Er... not really. As a rule, I rationalize far fewer examples than I discard. I mostly take figures, discard all the ones that I can't fit to within a generous MOE, and then run with what seems reasonable from there in making my final estimate. I also consider the relative strength of the example. SOE is quite strong as a "lower bound" type estimate, but it is not very precise.

I have chosen a gigaton as a probable maximum torpedo yield not based on the maximum possible yield seen in effects. A reasonable estimation for every firepower example includes a number of ranges that go well past the gigaton mark when considered carefully - but the amount of antimatter stored on a torpedo seems sharply limited.

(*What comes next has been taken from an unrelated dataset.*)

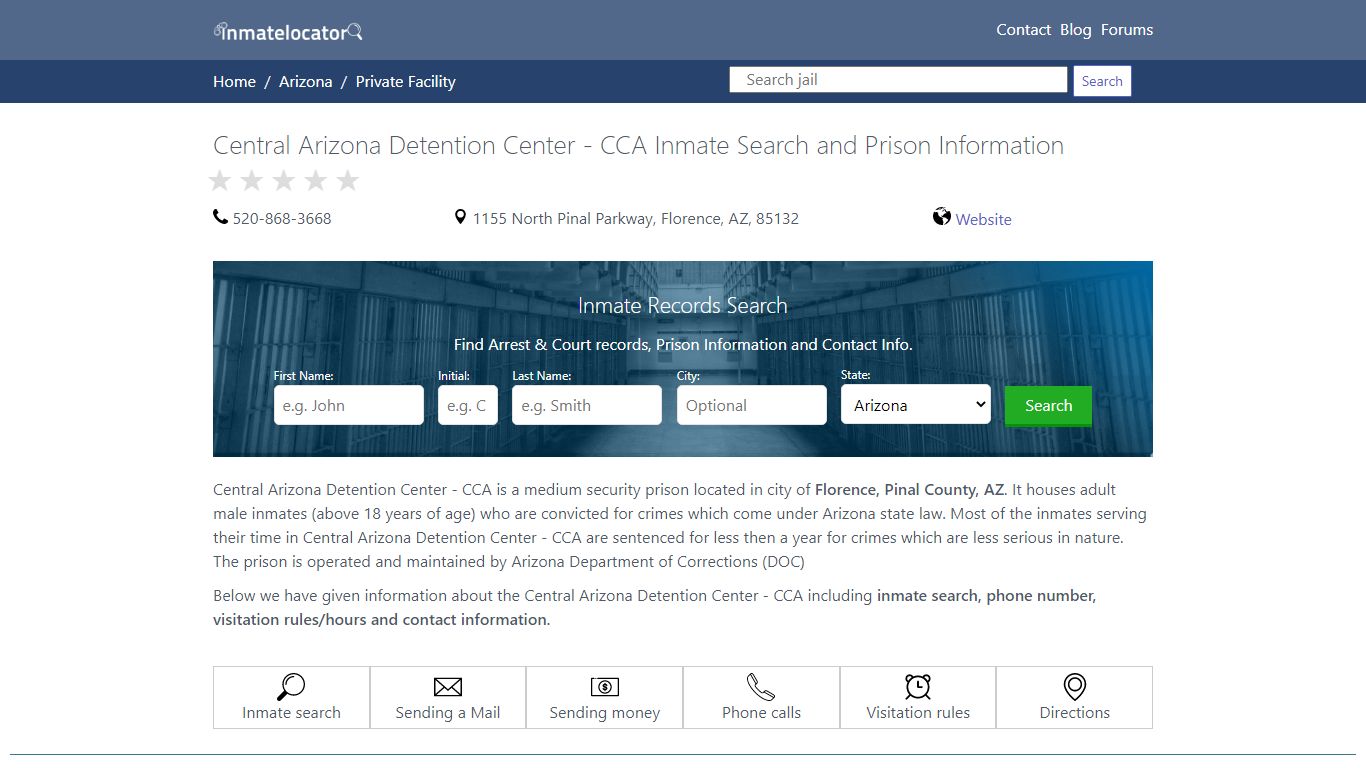 Central Arizona Detention Center - CCA Inmate Search ...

TDIC I choose to discard when analyzing firepower. The order of magnitude of firepower required to physically disassemble a planet is simply not compatible with the other cases. Similar with STV. That sheer speed and range is very difficult to reconcile with most later examples.

"Where Silence Has Lease" gives one of the highest speeds of any episode... and it's for warp 2. I prefer to place that one in the outlier column as well, though I may consider it when picking my median path.
But what appears to be outlier material from TOS seems to also correspond to ungodly magnitudes, either about this ounce of antimatter or the sonic attack. Even TDIC pales against that.
You call them problematic, I suppose, in the context where someone would like to make all yields worth of the TOS craze.
Like I said, there really aren't more low-yield than high-yield examples in the TNG+ era. TDIC is the singular most egregious example, but some of the most high-energy events happen in Voyager and DS9. I pointed out just how much more lethal the Delta Flyer's projected warp core breach is than the detonation of Dreadnought's warhead.
The million kilometer safe distance?
I'm checking the transcript of Drive here.
This is clearly a problematic case as well.
I didn't see the episode. They mention a shockwave at the end, while the explosion occured one point two million kilometres from Voyager's position. And the nebula was supposed to contain the explosion. What happened with that shockwave? Was the ship shaken?
Huh, from what I've read, TOS enabled speeds which had ships cross a galactic radius in less than a day.
OK, please read this page. While there are a number of examples that seem pretty loose, every incident in which the old Constitution-class Enterprise definitely travels 30,000 or more light years within one day involves hijacking. All but STV involve highly advanced aliens. As I've said, STV should be discarded as an outlier. Speeds in TOS under conventional warp power in general do not exceed 1 million times lightspeed, although they sometimes come close, and usually are not sustained for more than a couple thousand light years at a stretch.
As a whole, TNG+ really got below that.
Below and above.
To me the "aboves" from later Trek are only distant echoes of the TOS effect, artifacts.
You don't get that above when that blue ball transported by Kirk and maybe Spock was capable, once filled with AM from the warp core of the E-nil, to leave a continent scale scar across the surface of a planet with a 9.8 gravity and breathable atmosphere... which is gone as well. There's actually no cloud to observe at all, no haze of dust around the planet whatsoever.
Again, another nonsensical event? Sure, it looked nice, but is it possible? Nope.
Voyager explicitly gives the highest hazard-to-mass ratio for a vessel with the Delta Flyer in "Drive." Do you know how many teratons you need to destroy all light vessels within a million klicks? Just killing unprotected humans at that distance is difficult.
I'm not aware of this case. What's the reference exactly?
But, in the end, maybe Trek on the average can have yields tickling the gigaton range without any problem.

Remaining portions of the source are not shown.